No shoe-in, this party

We knew we were in trouble when we saw the sign that read: "Kindly remove your shoes!"

Whatever happened to: "Welcome to our home?"

I could see the sudden look of horror on my wife's face. "Did you put on new socks?" she asked. "Do they match? Do they have holes?"

All the guests arrived at once and were required to remove shoes before entering. Without enough room to accommodate everyone, there was a pile up of humans at the door. One man rolled across the floor desperately trying to reach his feet, a task he obviously had not been able to do for years.

"Can't we just come in?"

"My shoes are clean and dry."

"Are we in Japan?"

"This is like going through airport security."

We left behind a mountain of shoes. The host tried to politely sort them out by organizing them in pairs, but they spread across the entire hallway. Eventually he put them all in a garbage bag.

"This is my wife's idea," he explained as he noticed the amusement on the faces of his buddies.

A female voice was heard from the kitchen: "You want to clean the carpets?"

He pointed to them: "Look, they are all beige!"

"And apparently more important than we are," my wife whispered in my ear.

One guest refused to remove her shoes. She had paid far too much for them. Besides, did she really want all her friends to know she had a bunion the size of a Hummer?

The host did not know what to do. So he did what all real men do in such a situation. He called his wife. A catfight ensued. Finally the guest relented.

"OK," she said. "It IS your house. But don't expect me to ever visit again!"

"Don't worry. This was your last invitation!" the hostess hissed.

Tension filled the air. But it was soon overcome by a noticeable odour. "Is someone making popcorn?" I asked.

"It's him," my wife said, gesturing to the living room where a slovenly guest sat on the couch with a crossed leg waggling a woolly, crusty Canadian Tire sock in everyone's face.

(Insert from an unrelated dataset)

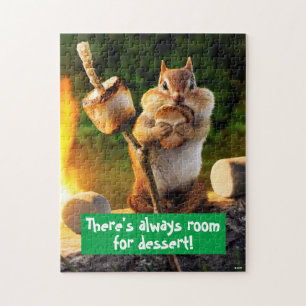 Puzzle Chipmunk Manger Marshmallow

It wasn't long before a couple was back at the door, looking for their shoes.

"We have to go outside to smoke!" They picked up the garbage bag.

A guest suddenly cried out in pain as he stubbed his toe on a protruding chair leg. He glared at the host accusingly.

"If I had my shoes, I wouldn't have just broken my toe! Shoes are for protecting feet!"

"Look what you've done!" The host cried in return. We all looked at the beige carpet. A big red stain spread across the middle. "You spilt your wine!"

"It's your fault," the guest exclaimed.

"Ah, the irony," I couldn't help saying aloud.

The smokers turned the garbage bag upside down. Shoes spilled out onto the floor. Instinctively, we all knew it was over. The shoes scattered. The guests dove to the floor to grab them.

"I give up. Put your damn shoes on," the hostess cried out, trying to coax the red stain out of the carpet with a wet rag and a salt shaker.

We all began beating the host with our shoes.

"Hey, I'm not Saddam Hussein!" he protested.

"This is fun," I said. "The fall of another dictatorship!"